Che cos'è la Modellazione Predittiva e come funziona

18 March 2021 / Di Redazione Osservatori Digital Innovation / 0 Comments

La Model Prediction o Modellazione Predittiva è una tecnica di Machine Learning, uno dei canali per l’applicazione dell’Intelligenza Artificiale, che sta prendendo sempre più piede tra le aziende italiane. Lavorare con i modelli predittivi attraverso il Machine Learning vuol dire prevedere che cosa potrebbe accadere in futuro, cosa non da poco se ragioniamo in termini di performance aziendali.

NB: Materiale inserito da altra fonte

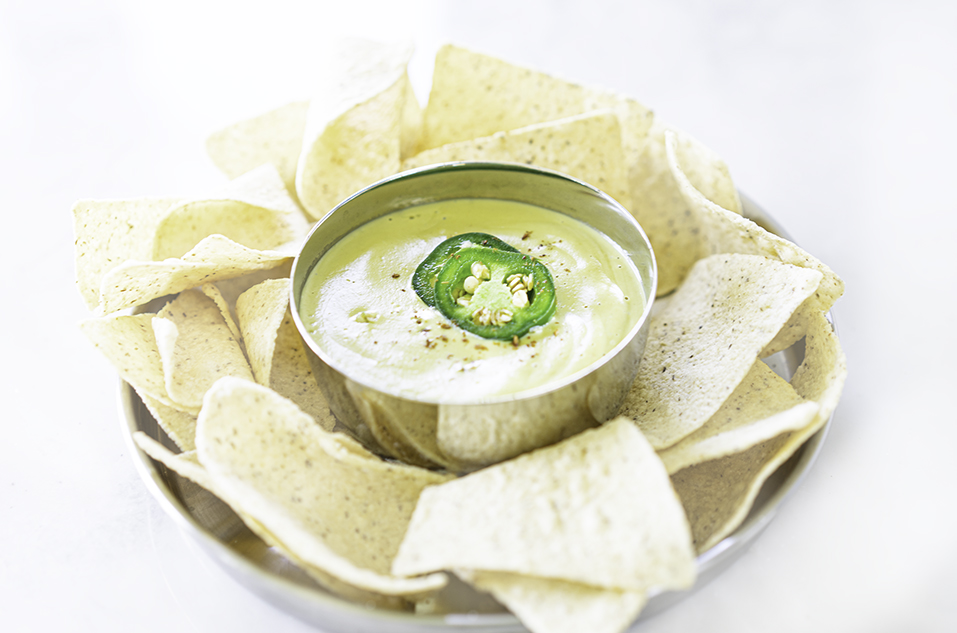 Dairy Free Roasted Jalapeno Blender Queso | My Vegetarian Family #dairyfree #homemadequeso #veganqueso #roastedjalapenos #blenderqueso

Di seguito approfondiamo dunque come funziona questa tecnica di apprendimento automatico e quali sono i principali contesti applicativi.

 

Che cos’è la Modellazione Predittiva?

La Modellazione Predittiva è la fase saliente dell'Analisi Predittiva (o Predictive Analytics) che include metodologie e tecniche in grado di estrarre conoscenza da dati a disposizione per fare predizioni su dati o eventi nel futuro.

L’elemento chiave di queste tecniche consiste nella capacità di apprendere modelli (selezionati e valutati in modo opportuno) partendo dai dati a disposizione. A loro volta, tali modelli sono in grado di operare sui nuovi dati fornendo diverse capacità.

 

Come funzionano le tecniche di Modellazione Predittiva?

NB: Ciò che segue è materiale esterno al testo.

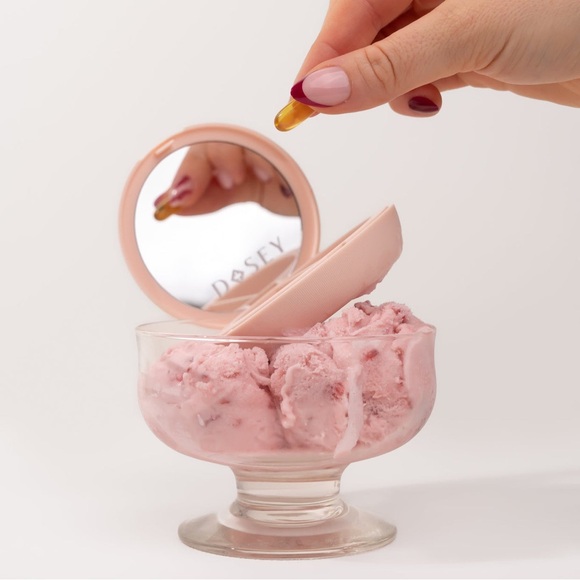 Dosey Pill Compact - Picture 3 of 14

Come anticipato, i modelli appresi hanno la capacità di agire sui nuovi dati a disposizione fornendo diverse capacità, variabili in base al tipo di applicazione che si vuole affrontare. Ecco alcuni esempi:

  • Classificazione: modellare le relazioni tra i dati e definire l’appartenenza ad una specifica classe (es. classificare la tipologia di un cliente di una banca in base alle informazioni personali ed economiche a disposizione);
  • Regressione: apprendere relazioni funzionali tra le variabili considerate (es. apprendere la relazione tra l’età di una persona e il suo potenziale interesse verso una specifica campagna pubblicitaria);
  • Clustering: raggruppare dati in insiemi omogenei (es. creare gruppi di utenti in base ai loro consumi per proporre offerte mirate);
  • Predizione: fare predizioni o previsioni del comportamento futuro delle variabili considerate (es. fare previsioni su acquisti futuri di un cliente in base allo storico degli acquisti già effettuati);
  • Rilevamento di anomalie: identificare cambiamenti o anomali nei dati (es. analisi automatica della qualità dei pezzi prodotti in un’azienda manifatturiera);
  • Adattamento di modelli: permettere ai modelli appresi di evolvere nel tempo in base alle necessità (es. un utente può cambiare i propri interessi con l’età o le stagioni).

Tali capacità sono a loro volta classificabili in base alla tipologia di apprendimento. Classificazione e Regressione sono esempi di apprendimento supervisionato, dove lo scopo è l’apprendimento di una funzione che descriva al meglio la relazione tra dati in ingresso e dati in uscita. Il Clustering è un esempio di apprendimento non supervisionato, il cui scopo è l’apprendimento di relazioni e la definizione di pattern all’interno dei dati. Predizione, Rilevamento di anomalie e Adattamento di modelli sono invece abilità tipiche della Modellazione Predittiva e possono essere applicate sia all’apprendimento supervisionato che non.

 

Le applicazioni di Modellazione Predittiva

Date le grandi potenzialità della Modellazione Predittiva, essa viene utilizzata in diversi ambiti applicativi. La sua trasversalità emerge in progetti che variano dalla manutenzione predittiva per poter reagire in maniera tempestiva ad eventuali guasti e ridurre i tempi di fermo macchina, al rilevamento di frodi (es. attraverso l’identificazione di anomalie nei dati), dall’analisi qualità nei processi produttivi alla gestione magazzino e logistica, fino ai servizi finanziari, marketing e analisi delle reti sociali.